WHAT IS EXPECTED |
Up to and including the line that contains "Kittens in Holly", repeat the entries below exactly from the first line on. Do not carry over any pictures.
..............................
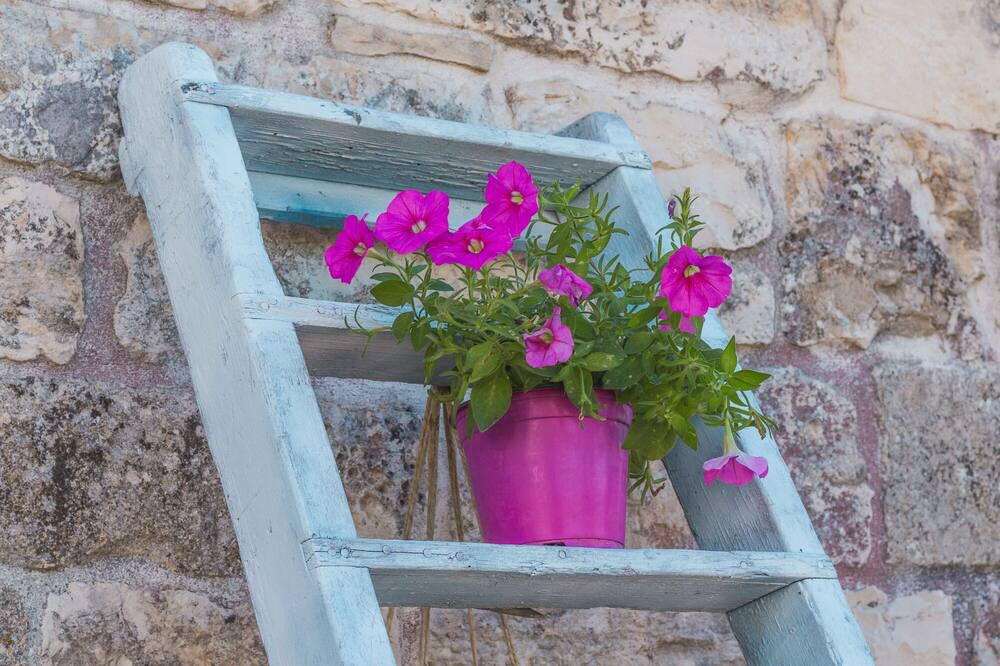 Photo of Others in Martina Franca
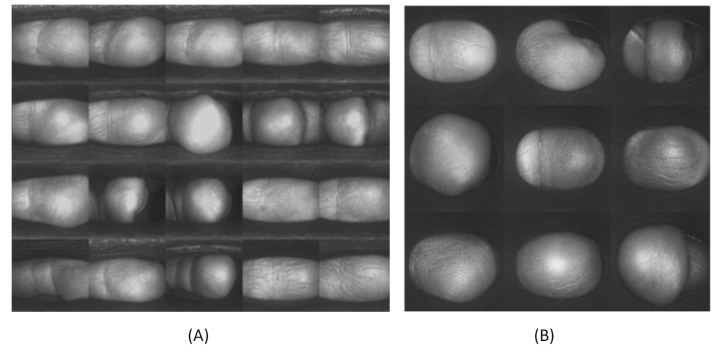 Figure 13. 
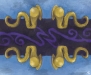 purplesqurmiez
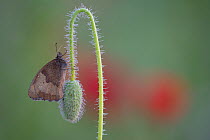 Meadow brown butterfly (Maniola jurtina) covered in dew on Corn poppy (Papaver rhoeas) flower bud, De Inslag,  Brasschaat, Belgium, June.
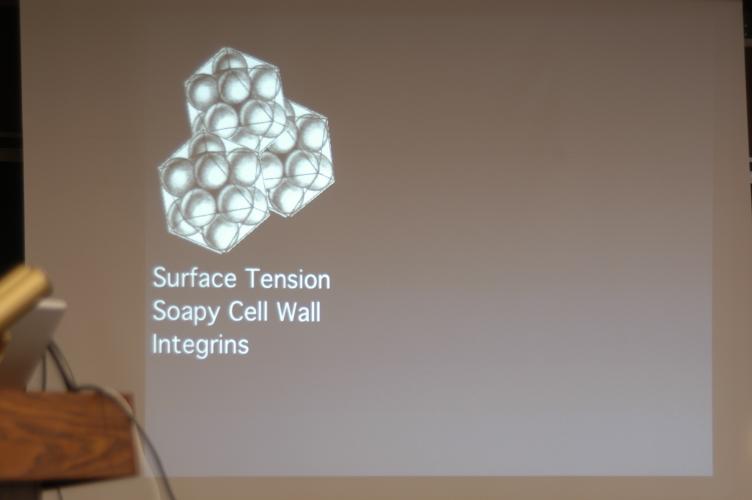 Full-Size (huge) Image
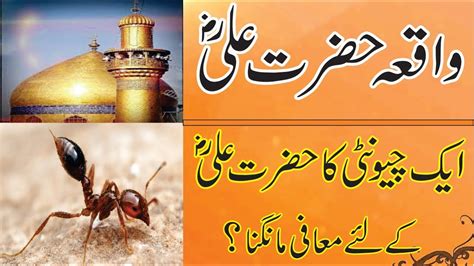 Hazrat Ali R Z Or Chunti Ka Waqia History In Urdu Hindi Urdu Story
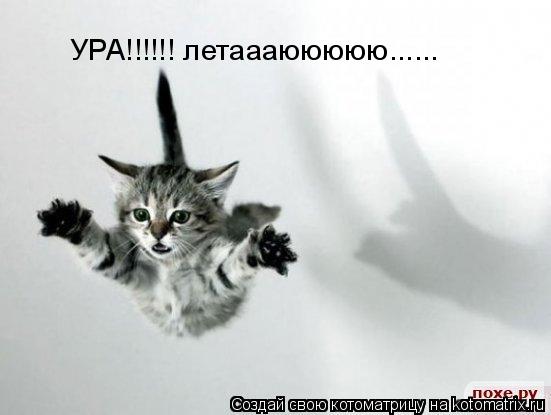 УРА!!!!!! летаааююююю......... Котоматрица: УРА!!!!!! летаааююююю......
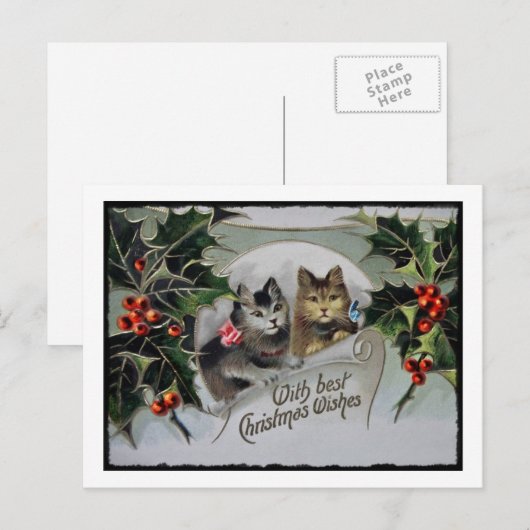 Kittens in Holly Kerstmis Feestdagenkaart (Voorkant / Achterkant)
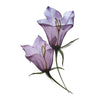 Transparent watercolour tattoo - Bellflower (violet) - Fake tattoo women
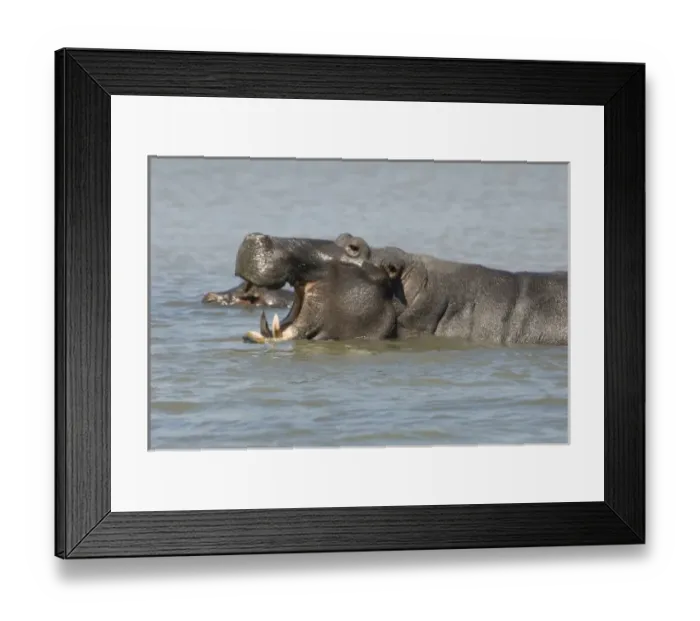 Framed Print : Africa, South Africa Framed Print : Africa, South Africa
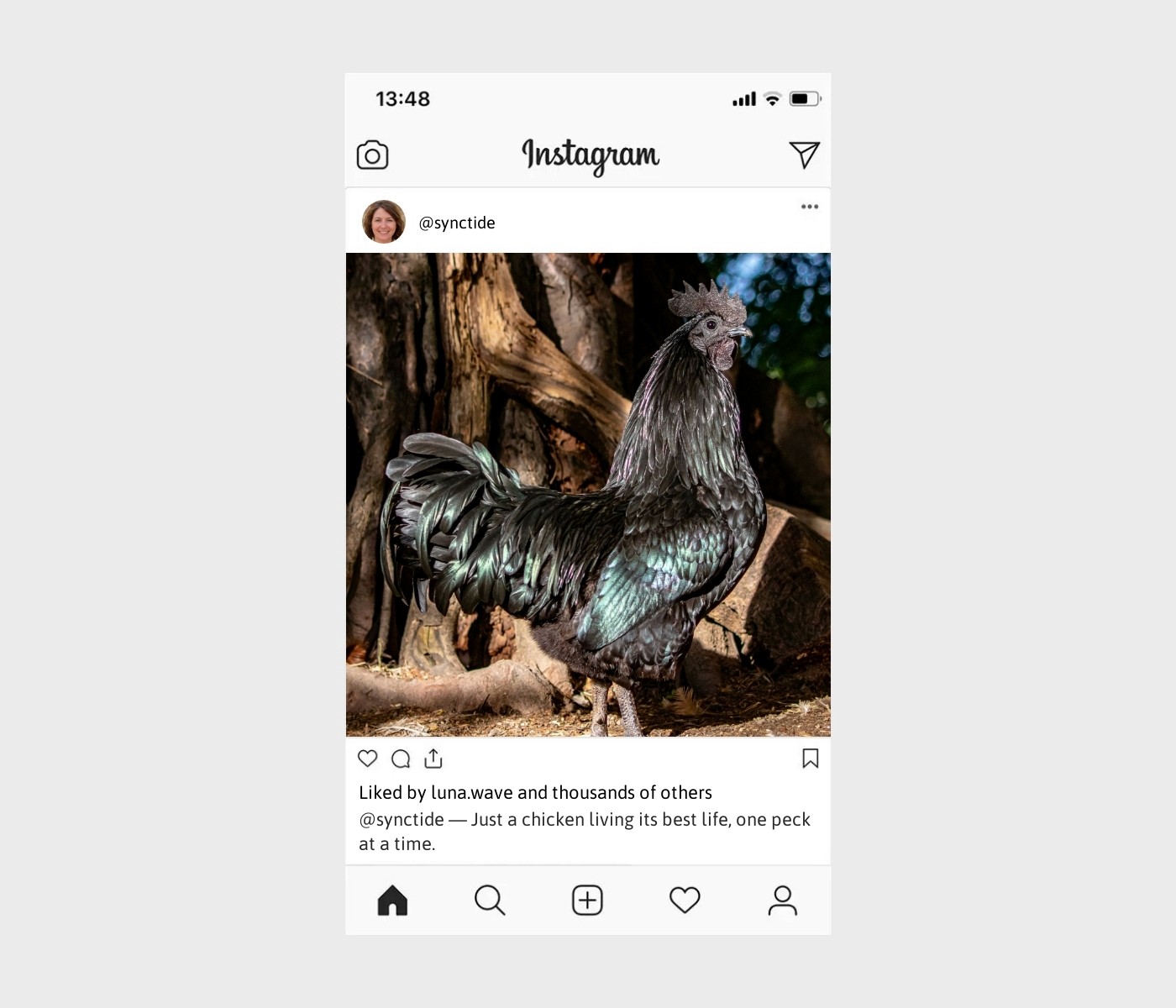 chicken-captions-for-instagram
..............................
EXPECTED ANSWER |
 Photo of Others in Martina Franca
 Figure 13. 
 purplesqurmiez
 Meadow brown butterfly (Maniola jurtina) covered in dew on Corn poppy (Papaver rhoeas) flower bud, De Inslag,  Brasschaat, Belgium, June.
 Full-Size (huge) Image
 Hazrat Ali R Z Or Chunti Ka Waqia History In Urdu Hindi Urdu Story
 УРА!!!!!! летаааююююю......... Котоматрица: УРА!!!!!! летаааююююю......
 Kittens in Holly Kerstmis Feestdagenkaart (Voorkant / Achterkant)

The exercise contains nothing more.